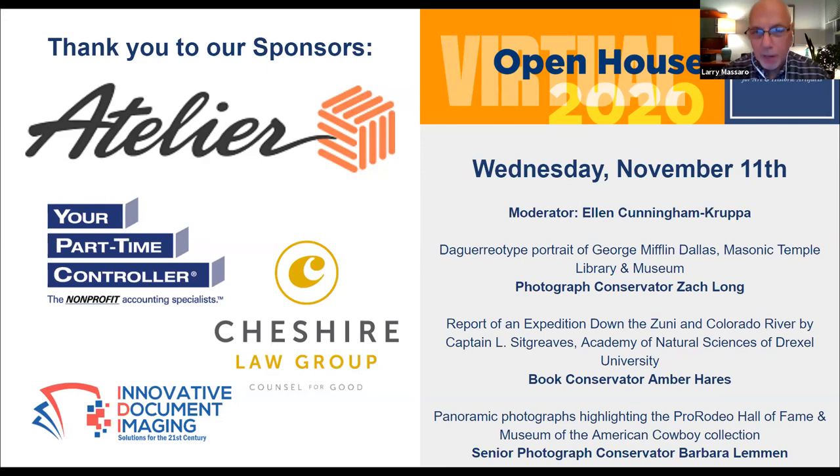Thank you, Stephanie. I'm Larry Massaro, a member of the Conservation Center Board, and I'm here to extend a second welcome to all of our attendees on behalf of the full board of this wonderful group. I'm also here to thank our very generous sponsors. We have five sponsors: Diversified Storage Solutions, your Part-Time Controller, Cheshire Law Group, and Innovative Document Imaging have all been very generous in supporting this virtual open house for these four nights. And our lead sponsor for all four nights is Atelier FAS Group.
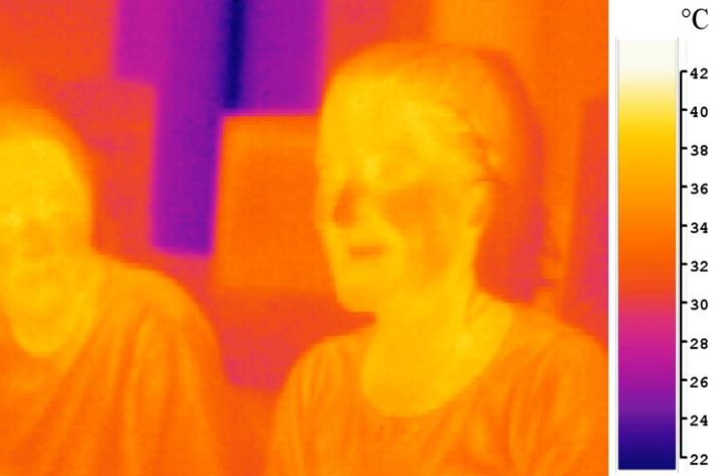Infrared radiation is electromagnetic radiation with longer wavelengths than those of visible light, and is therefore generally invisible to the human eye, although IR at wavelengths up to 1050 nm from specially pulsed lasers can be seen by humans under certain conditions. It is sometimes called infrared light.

* * *

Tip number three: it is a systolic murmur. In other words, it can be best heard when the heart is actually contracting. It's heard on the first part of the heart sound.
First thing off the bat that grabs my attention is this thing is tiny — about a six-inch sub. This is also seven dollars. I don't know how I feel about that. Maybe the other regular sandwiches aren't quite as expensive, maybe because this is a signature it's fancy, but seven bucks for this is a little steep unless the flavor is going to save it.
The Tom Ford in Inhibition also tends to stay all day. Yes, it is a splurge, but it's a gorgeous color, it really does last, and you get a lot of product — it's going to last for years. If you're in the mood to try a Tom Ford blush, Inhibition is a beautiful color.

● Task statement: Show the lines from the data above that contain the string "going".

● Your solution:
First thing off the bat that grabs my attention is this thing is tiny — about a six-inch sub. This is also seven dollars. I don't know how I feel about that. Maybe the other regular sandwiches aren't quite as expensive, maybe because this is a signature it's fancy, but seven bucks for this is a little steep unless the flavor is going to save it.
The Tom Ford in Inhibition also tends to stay all day. Yes, it is a splurge, but it's a gorgeous color, it really does last, and you get a lot of product — it's going to last for years. If you're in the mood to try a Tom Ford blush, Inhibition is a beautiful color.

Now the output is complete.